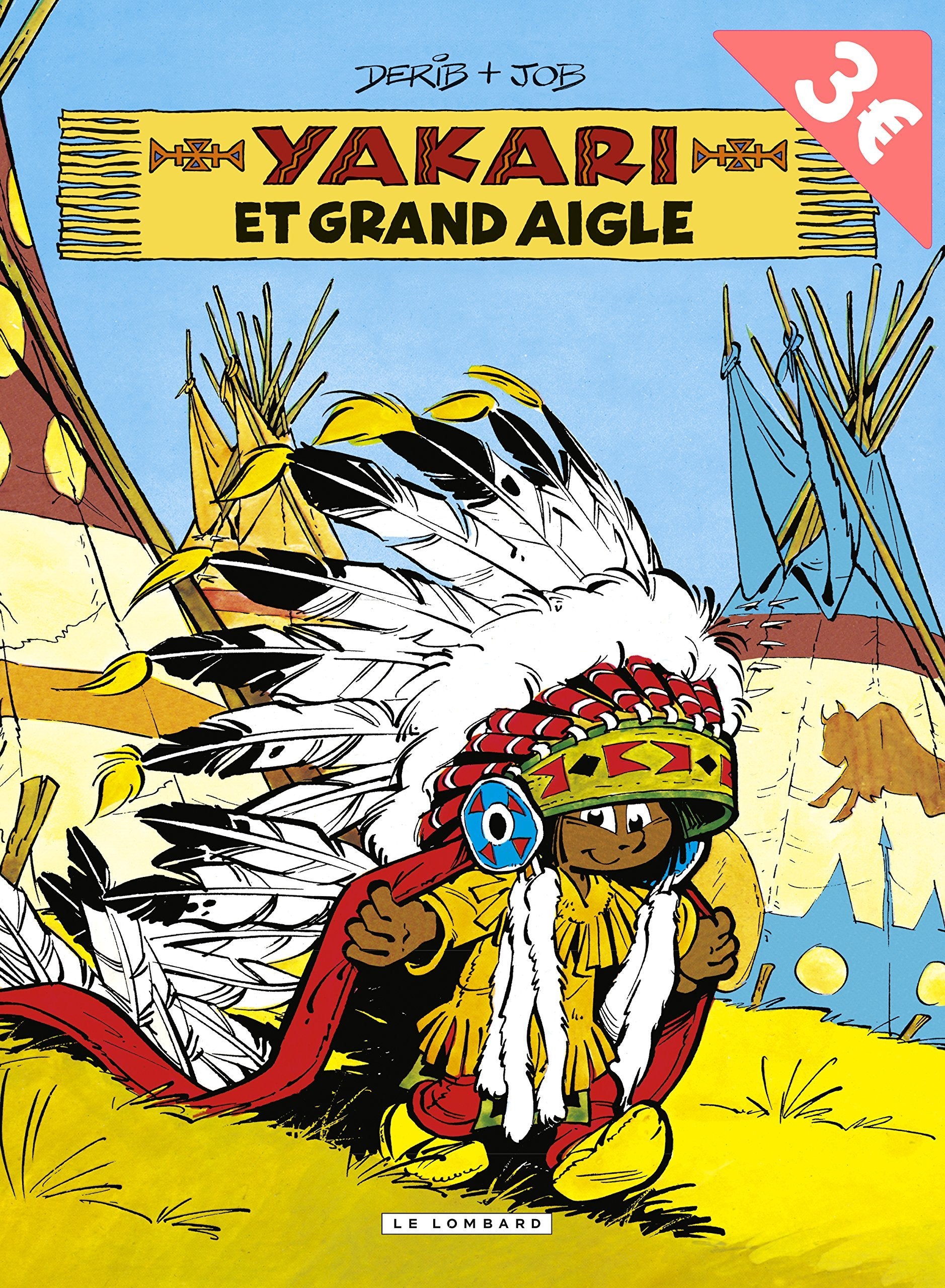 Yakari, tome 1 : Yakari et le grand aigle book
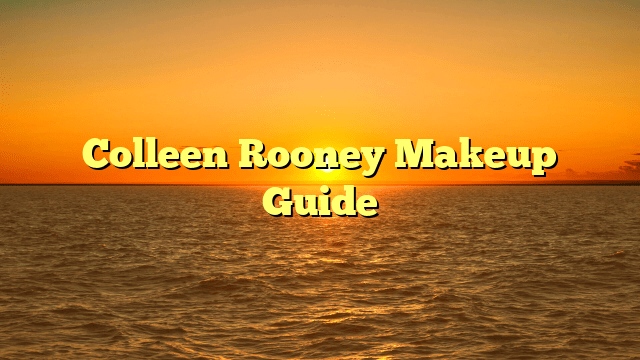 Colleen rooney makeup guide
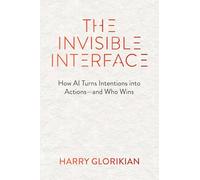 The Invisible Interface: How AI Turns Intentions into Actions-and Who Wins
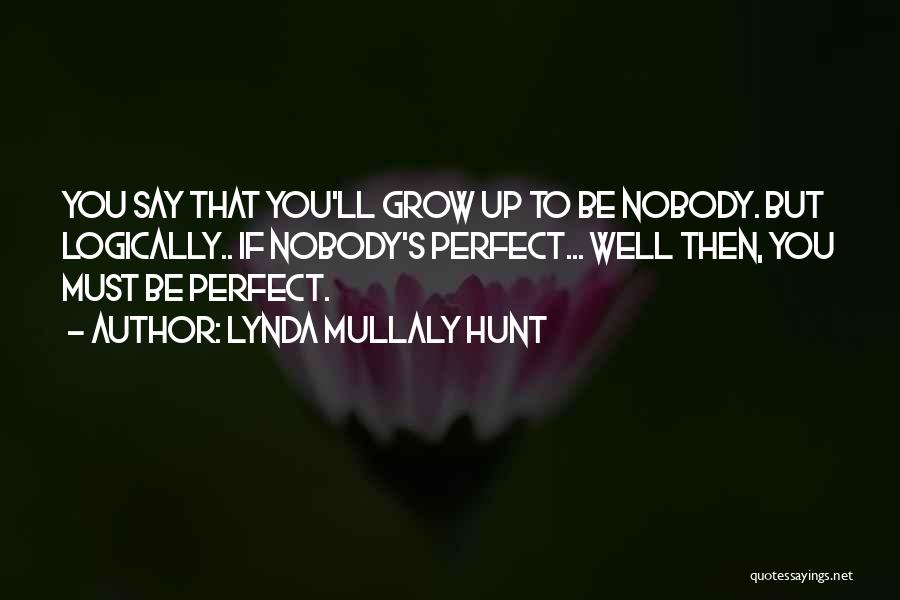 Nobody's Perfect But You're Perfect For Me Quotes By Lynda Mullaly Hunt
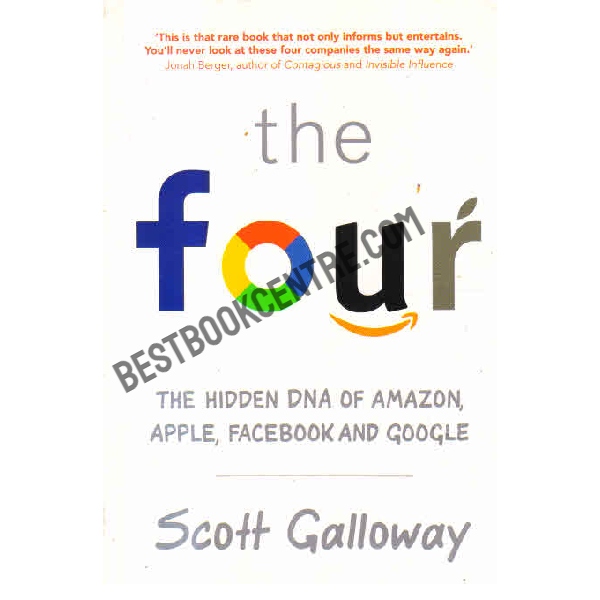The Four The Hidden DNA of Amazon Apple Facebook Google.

PROBLEM DETAILS. Exactly the lines from the one holding "Nobody's Perfect But" to the last line of the records above should be duplicated, with no pictures among them.

RESPONSE.
 Nobody's Perfect But You're Perfect For Me Quotes By Lynda Mullaly Hunt
The Four The Hidden DNA of Amazon Apple Facebook Google.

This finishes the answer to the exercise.